Mohamad setzt sich in Sachsen-Anhalt für Menschen mit Migrationshintergrund und ihre Rechte ein. Im Januar wurde bekannt, dass sich Rechtsextreme, konservative Politiker und Unternehmer, darunter auch der Vorsitzende der AfD-Fraktion Sachsen-Anhalt, Ulrich Siegmund, in Potsdam getroffen haben. Dort sollen unter anderem Pläne zur massenhaften Ausweisung und Vertreibung von Menschen mit Migrationshintergrund vorgestellt worden sein. Siegmund verteidigt sich mit dem Hinweis, er sei als Privatperson dabei gewesen. Am Tag der Veröffentlichung bricht für Mamad Mohamad etwas Grundlegendes weg.

MDR SACHSEN-ANHALT: Am 10. Januar ist die Correctiv-Recherche über das Geheimtreffen zur "Remigration" veröffentlicht worden. Was hat sich an diesem Tag für Sie geändert?

Mamad Mohamad, Geschäftsführer des Landesnetzwerks Migrantenorganisationen in Sachsen-Anhalt: Ich habe mir ein paar Gedanken dazu aufgeschrieben. Unsere Gesellschaft ist auf einer Vielzahl von Werten aufgebaut, die als Grundlage für eine funktionierende, demokratische, pluralistische Gesellschaft dienen. Beispielsweise individuelle Freiheit, Gleichheit vor dem Gesetz, Gerechtigkeit, Respekt, Relevanz, Solidarität, Demokratie und der Schutz von Menschenrechten – unverzichtbar. Als die Correctiv-Recherche rausgekommen ist, war das plötzlich alles weg.

Auf welcher Grundlage sollen wir zusammenleben, streiten, Kompromisse finden, wenn unsere Existenz nicht anerkannt wird?

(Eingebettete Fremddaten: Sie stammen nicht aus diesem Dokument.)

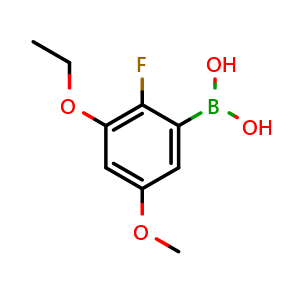 Chemical structure of (3-Ethoxy-2-fluoro-5-methoxyphenyl)boronic acid , AChemBlock AD291165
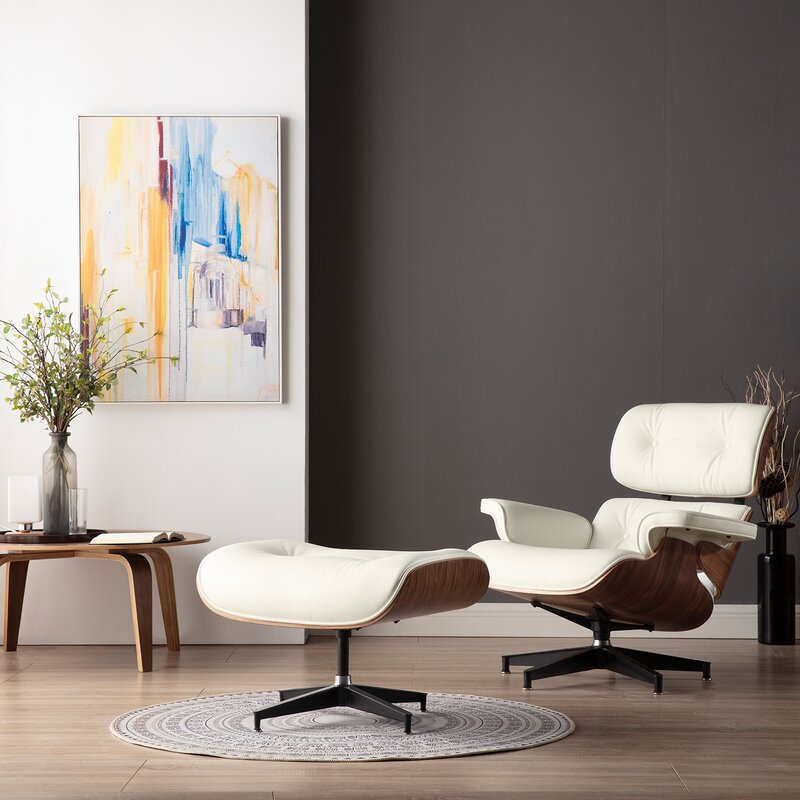 Fauteuil de salon en cuir Lomas avec pouf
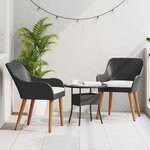 vidaXL Chaise de jardin 2 pc Noir polyrotin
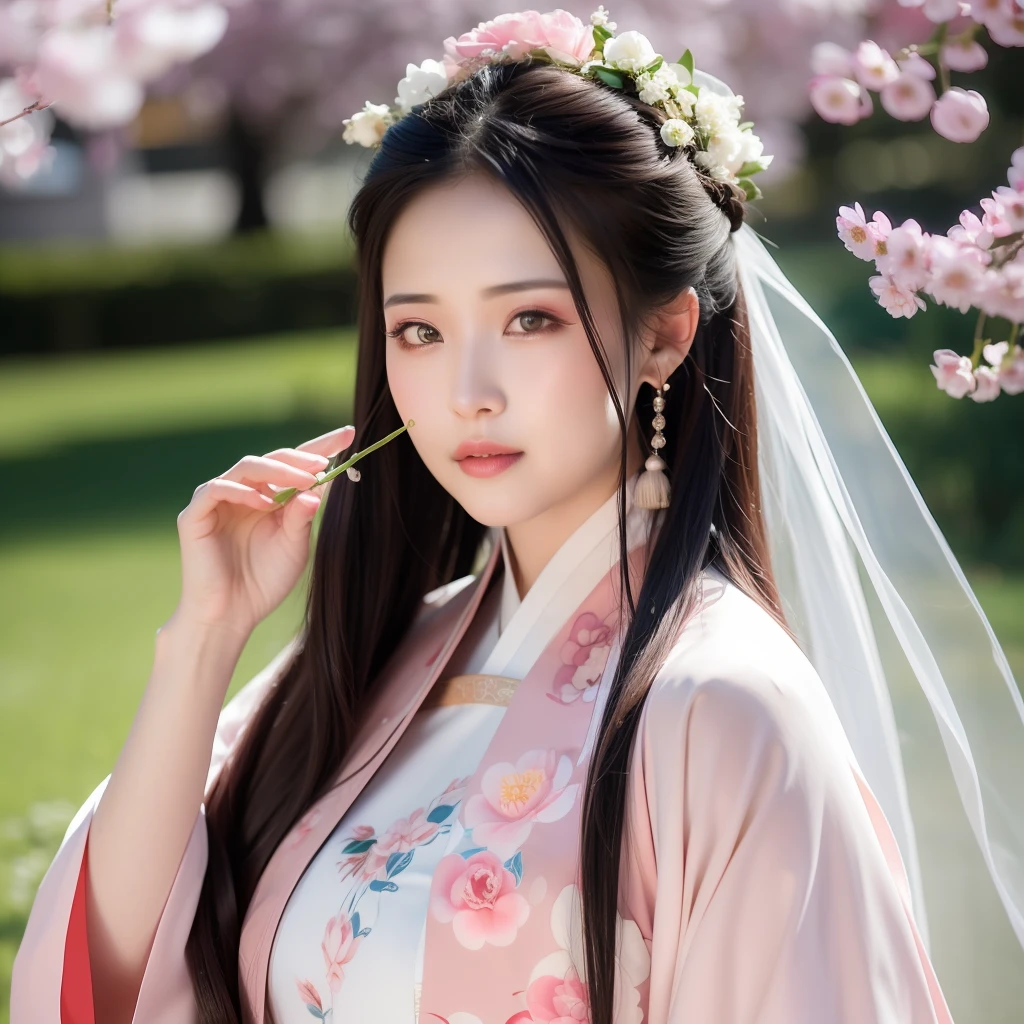 Best quality, 超高分辨率, (Photorealistic:1.8), 1girll, Blue_sky, Blurry, Blurry_Background, Blurry_foreground, branch, the bride_light yarn, Bride, cherry_blossoms, Chinese_clothes, curtain_Grab, Curtains, day, Depth_af_Field, flower, hanami, Hanfu, Lips, Long_Hair, Outdoors, parted_Lips, petals, Pink_flower, Pink_Theme, plum_blossoms, Shawl, Solo, Solo_Focus, Spring_\(season\), tree, The upper part of the body_Body, light yarn, Wedding, Wedding_dress, wisteria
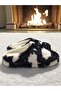 Women's Black and White House Slippers Soundproof Soft Comfortable Wool Slippers - 3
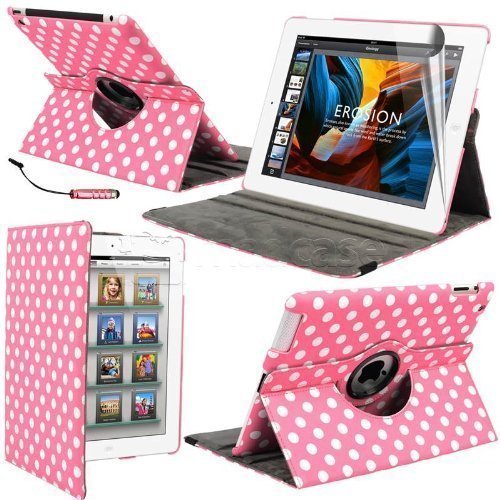MadCase Apple iPad 4 (mit retina display) Stilisch Muster PU Leder Rotierend Smart Ständer Schutzhülle - kompatible mit iPad 2 und iPad 3 einschließlich Displayschutzfolie & Eingabestift - Gepunktet - Hellrosa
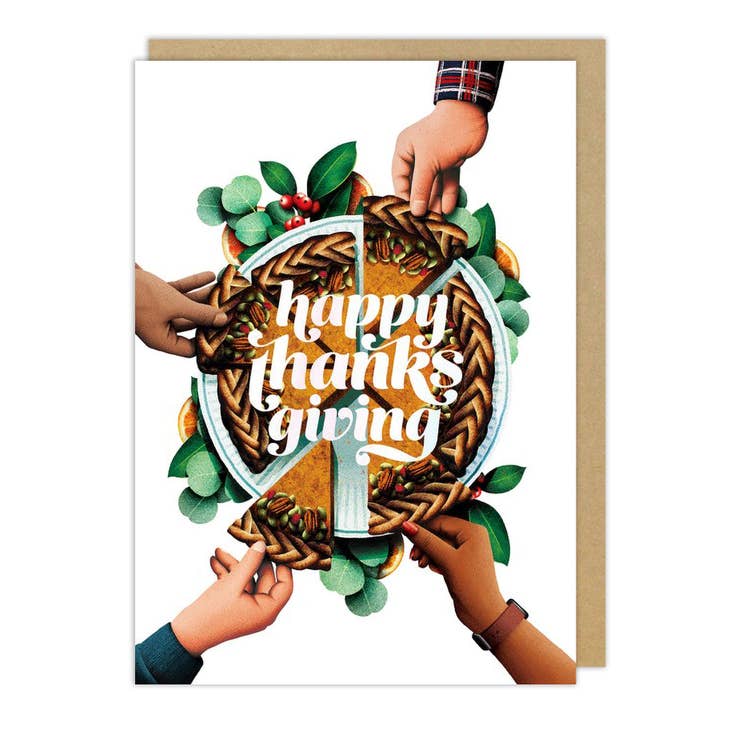 Hands In Pie Thanksgiving Holiday Card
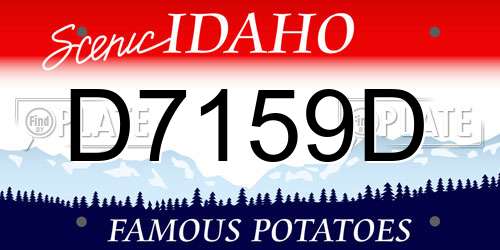 D7159D Idaho License Plate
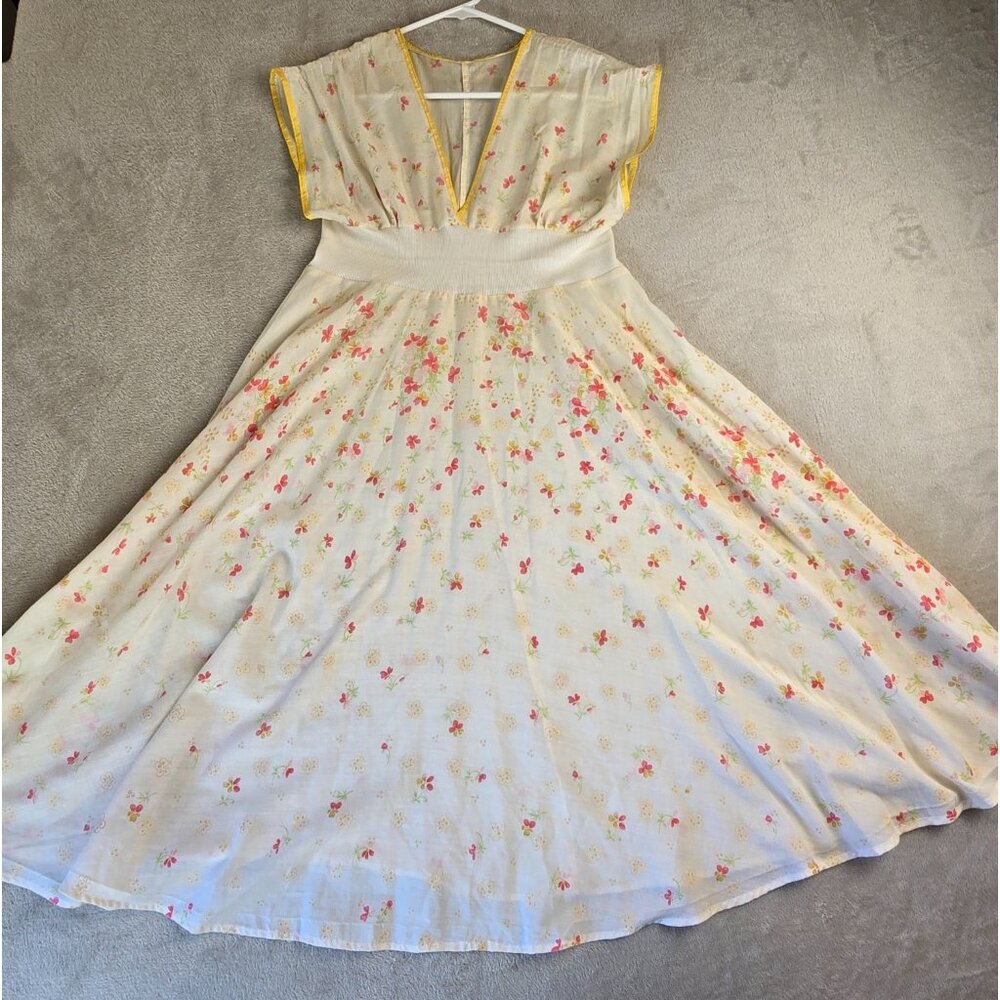 Vintage 70s Floral Summer Dress Boho Prairie Cottagecore Empire Waist Handmade - Picture 10 of 16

Mamad Mohamad Geschäftsführer des Landesnetzwerks Migrantenorganisationen in Sachsen-Anhalt

Für mich war das ein Punkt, wo ich das Gefühl hatte, alles woran wir uns festgehalten haben, war weg. Mit den rassistischen Plänen von der AfD und deren Enthüllung waren die ganzen Werte für mich einfach weggefallen. Auf welcher Grundlage sollen wir zusammenleben, streiten, Kompromisse finden, wenn unsere Existenz nicht anerkannt wird, wenn wir ein Plan sind von einer rassistischen Partei. Das war für mich so ein Punkt, wo ich das Gefühl hatte, diese gesamten Grundwerte sind aus meiner Sicht verschollen.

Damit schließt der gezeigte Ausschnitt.